Il y eut, pour l’honneur français, quelques traits de cœur et même d’héroïsme dans cette éruption de lâcheté. Vermorel fut recueilli par la femme d’un concierge qui parvint, quelques heures, à le faire passer pour son fils . La mère d’un soldat versaillais donna l’asile à plusieurs membres de la Commune. Un grand nombre d’insurgés en renom furent sauvés par des inconnus. Il y allait cependant de la mort pendant les premières heures, ensuite de la déportation pour ceux qui abritaient les vaincus.
La moyenne des arrestations se maintint, en juin et juillet, à cent par jour. À Belleville, Ménilmontant, dans le XIIIe, certaines rues n’avaient plus que les vieilles femmes. Les Versaillais, dans leurs états menteurs, ont avoué 38 568 prisonniers parmi lesquels 1 658 femmes et 651 enfants, dont 47 de treize ans, 21 de douze, 4 de dix et un de sept , comme s’ils avaient, par un moyen quelconque, compté les foules qu’ils nourrissaient à la pelle.
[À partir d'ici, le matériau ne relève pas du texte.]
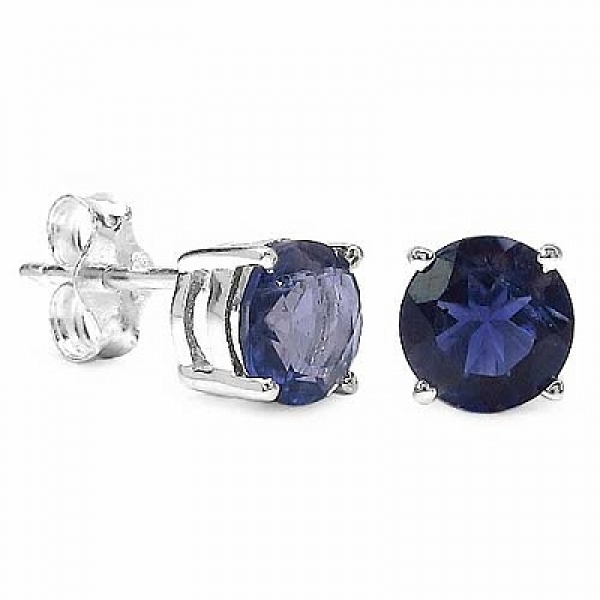 Ohrringe/Ohrstecker echter indischer Iolith/Wassersaphir-Silber Rhod.-1,80 Karat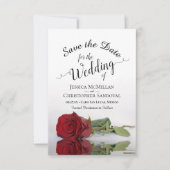 Rood roodrozenhuwelijk save the date (Voorkant)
Le nombre des personnes arrêtées atteignit très probablement cinquante mille.
Les méprises furent innombrables. Des femmes du beau monde qui allaient, les narines dilatées, contempler les cadavres de fédérés furent englobées dans des razzias et emmenées à Satory où, les vêtements en lambeaux, rongées de vermine, elles figurèrent très convenablement les pétroleuses imaginées par leurs journaux .
Des milliers de personnes durent se cacher en France ou à l’étranger pour fuir les poursuites ou les dénonciations. On calcule les pertes d’ensemble par ce fait qu’aux élections complémentaires de juillet il y eut cent mille électeurs de moins qu’à celles de février. Le Journal des Débats estimait que « les pertes faites par le parti de l’insurrection, tant en tués qu’en prisonniers, atteignaient le chiffre de cent mille individus. »
L’industrie parisienne en fut écrasée . Ses chefs d’atelier, contremaîtres, ajusteurs, ouvriers-artistes qui donnent à sa fabrication sa valeur spéciale, périrent, furent arrêtés ou émigrèrent. La cordonnerie perdit la moitié de ses ouvriers, l’ébénisterie plus d’un tiers ; dix mille ouvriers tailleurs, la plupart des peintres, couvreurs, plombiers, zingueurs disparurent ; la ganterie, la mercerie, la corsetterie, la chapellerie subirent les mêmes désastres ; d’habiles bijoutiers, ciseleurs, peintres sur porcelaine s’enfuirent. L’ameublement, qui occupait auparavant plus de soixante mille ouvriers, refusa, faute de bras, des commandes. Un grand nombre de patrons ayant réclamé à Versailles le personnel de leurs ateliers, les Mummius de l’état de siège répondirent qu’on enverrait des soldats pour remplacer les ouvriers.
La sauvagerie des recherches, le nombre des arrestations s’ajoutant au désespoir de la défaite tirèrent de cette ville saignée à blanc quelques suprêmes convulsions. Des soldats, des officiers tombèrent frappés par des mains invisibles ; près de la caserne de la Pépinière, on tira sur un général. Les journaux versaillais s’étonnaient avec une impudence naïve que la fureur populaire ne fût pas calmée et ne comprenaient pas « quelles raisons même futiles de haine on pouvait avoir contre des troupiers qui avaient bien l’air le plus inoffensif du monde ».